FALLOPIAN TUBE CANCERS Fallopian tube malignancies are rare, and constitutes only 0.3 to 2% of genital tract malignancies. Cancer of the fallopian tube usually presents at high stage with pelvic extension or positive peritoneal cytology. The mean patient age is 57 years. The five-year survival is 77% for stage 1 and 20% for stage 3. It is associated with BRACA1 and 2 gene mutations. Fifty percent of the tubal carcinomas are papillary serous; 25% are endometrioid; and 20% are undifferentiated.46 The aspiration cytology at metastatic sites is indistinguishable from similar tumors of the ovary and uterus.

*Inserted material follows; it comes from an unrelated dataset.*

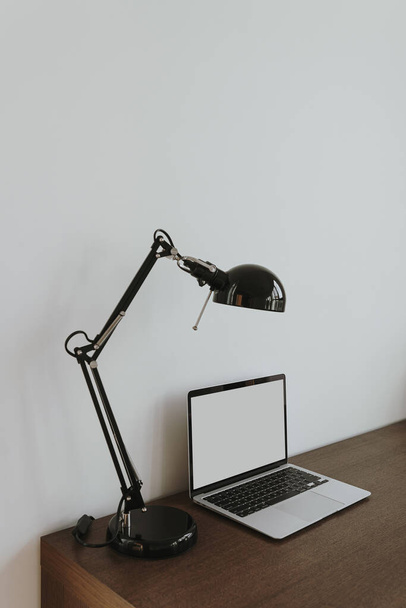 Laptop-Computer mit leerem Kopierraum Bildschirm auf Tisch mit Lampe dekoriert. Ästhetisch minimalistischer Homeoffice-Arbeitsplatz. Online-Shop, Shop-Attrappe Vorlage - Foto, Bild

OVARIAN CANCERS The 1998 WHO classication of primary ovarian tumors, that is unchanged from the previous classification based on cell differentiation, includes the surface epithelial cell type, the sex cord-stromal type, and the germ cell type.37
Surface Epithelial Tumors Malignant surface epithelial tumors represent about 90% of ovarian cancers in the Western world,34 but they account for considerably fewer ovarian neoplasms in the Far East. The tissue of origin is considered to be the surface celomic mesothelium that covers the ovary. This embroyonic origin is reflected in the various directions of müllerian differentiation, i.e. serous: fallopian tube, endometrioid: endometrium, and mucinous: endocervical.34 These tumors can be predominantly cystic and papillary, solid, or cystic and solid.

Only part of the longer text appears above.